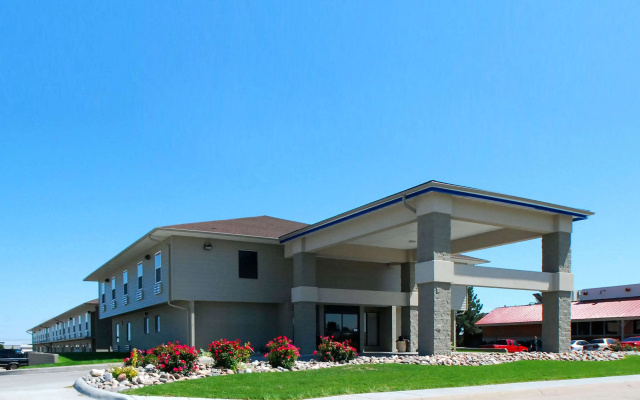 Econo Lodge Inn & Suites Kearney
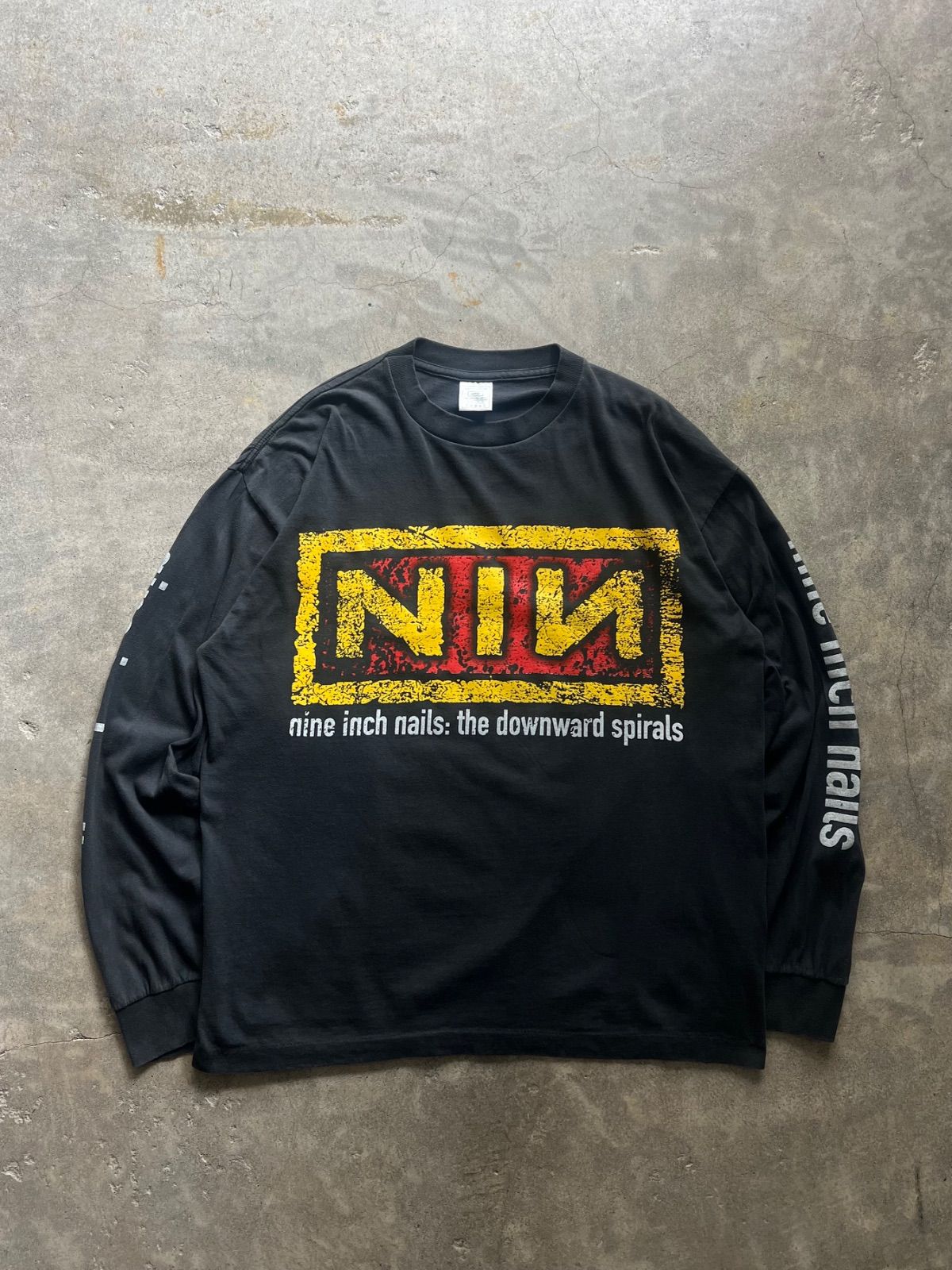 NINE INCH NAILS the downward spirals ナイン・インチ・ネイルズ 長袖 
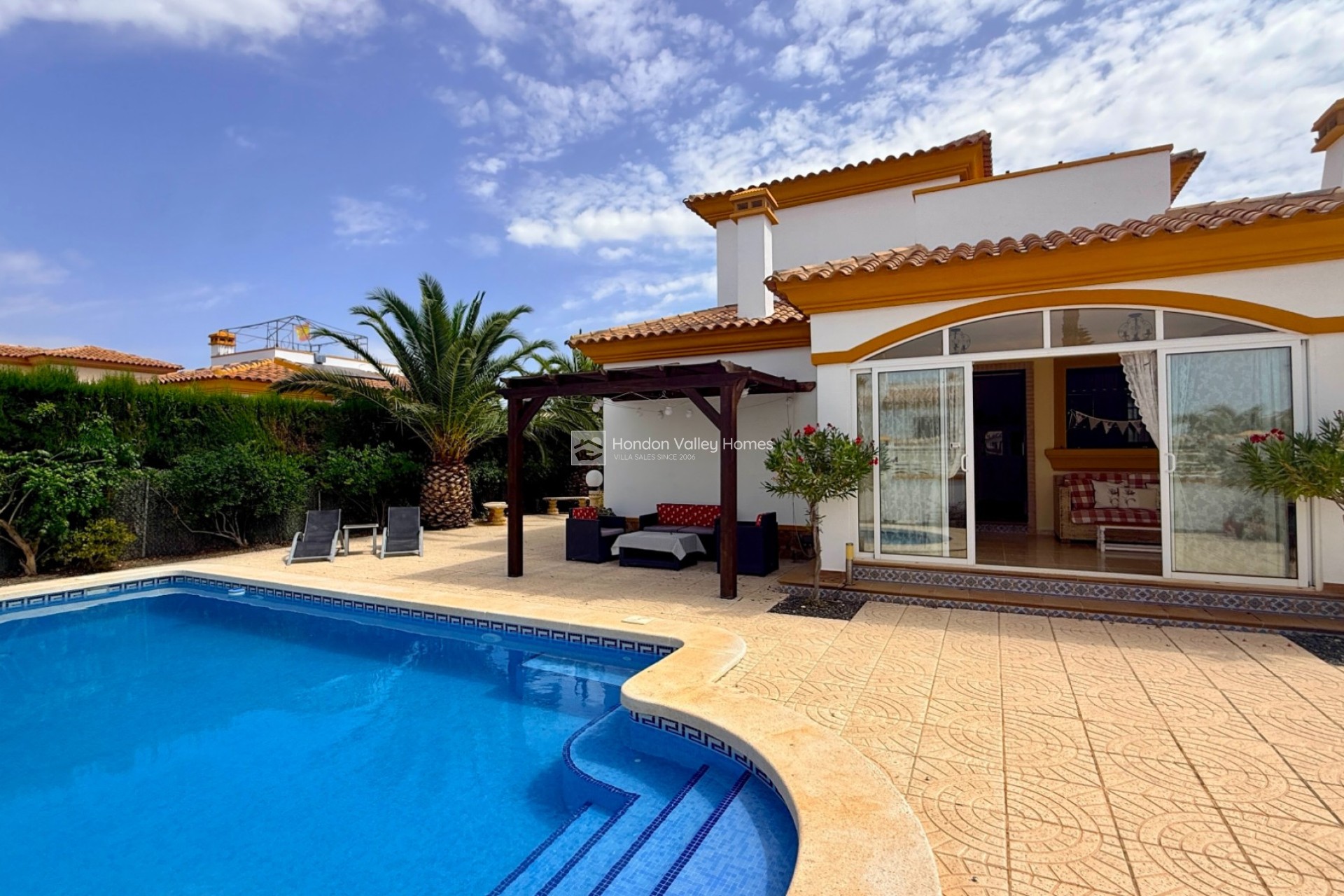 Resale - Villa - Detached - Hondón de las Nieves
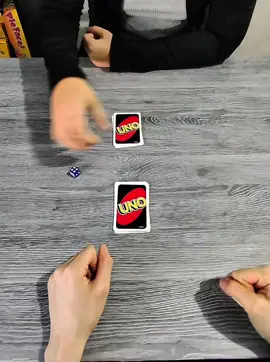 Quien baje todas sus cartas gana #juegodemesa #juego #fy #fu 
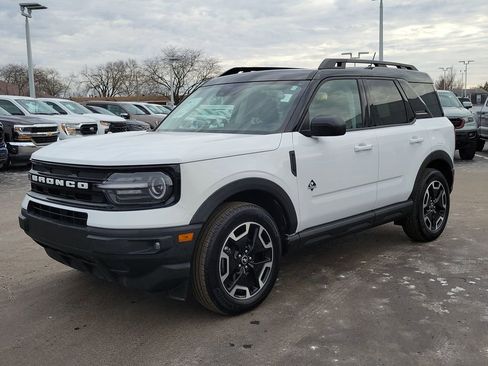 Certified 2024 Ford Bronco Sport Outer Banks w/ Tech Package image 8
---
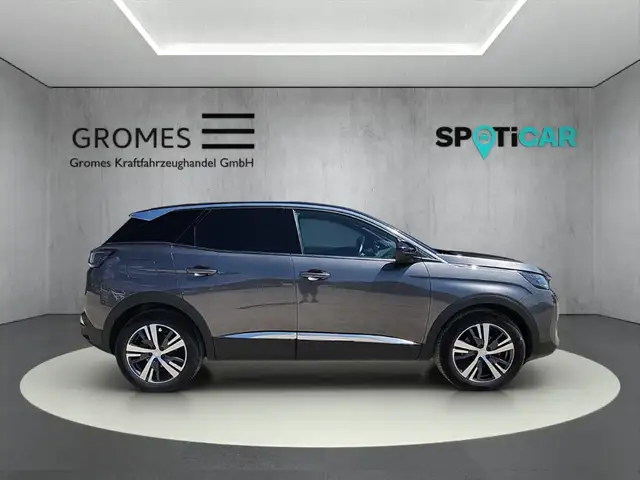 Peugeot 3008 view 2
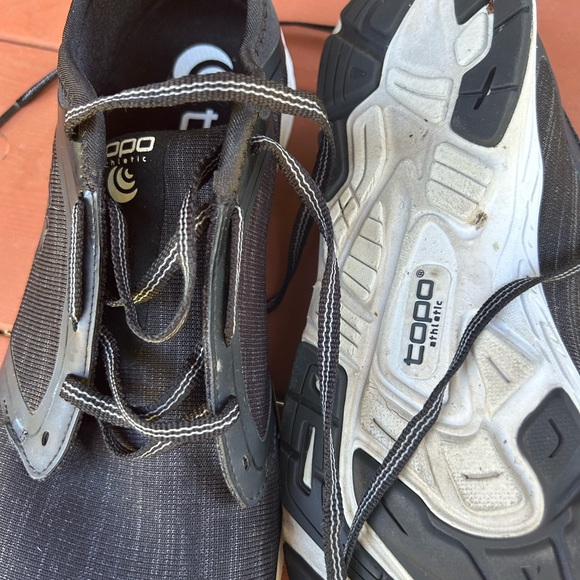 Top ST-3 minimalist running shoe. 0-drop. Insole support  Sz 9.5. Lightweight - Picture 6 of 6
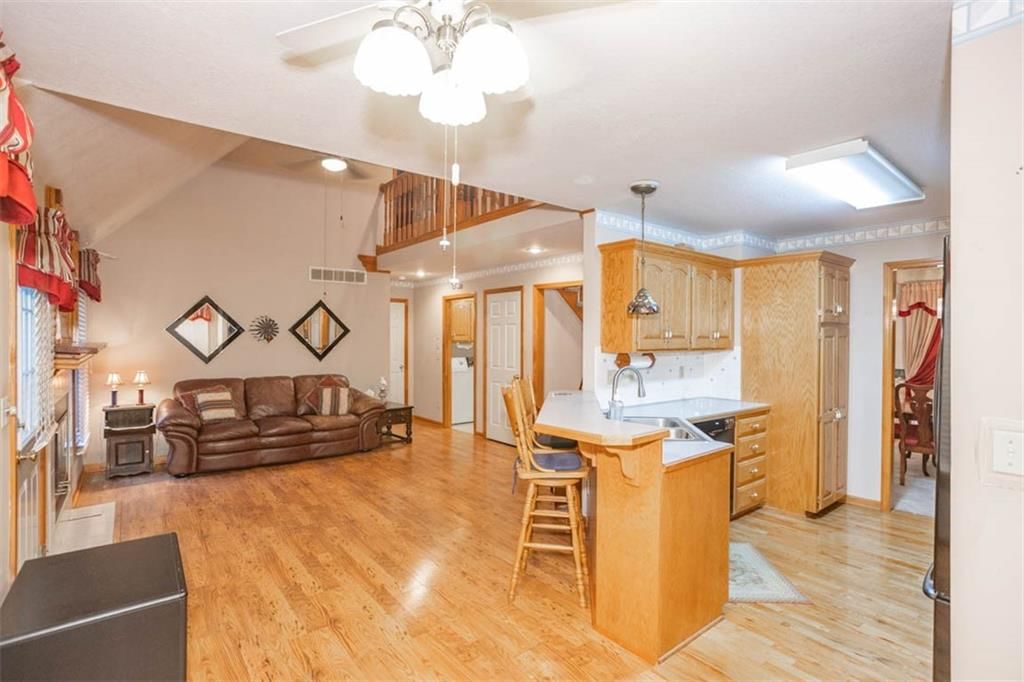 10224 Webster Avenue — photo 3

» TO DO: In the records above, find the line containing "Resale - Villa" and the line containing "Certified 2024 Ford", then give both of them again word for word along with every line between. Omit any pictures.

» WRITTEN RESPONSE:
 Resale - Villa - Detached - Hondón de las Nieves
 Quien baje todas sus cartas gana #juegodemesa #juego #fy #fu 
 Certified 2024 Ford Bronco Sport Outer Banks w/ Tech Package image 8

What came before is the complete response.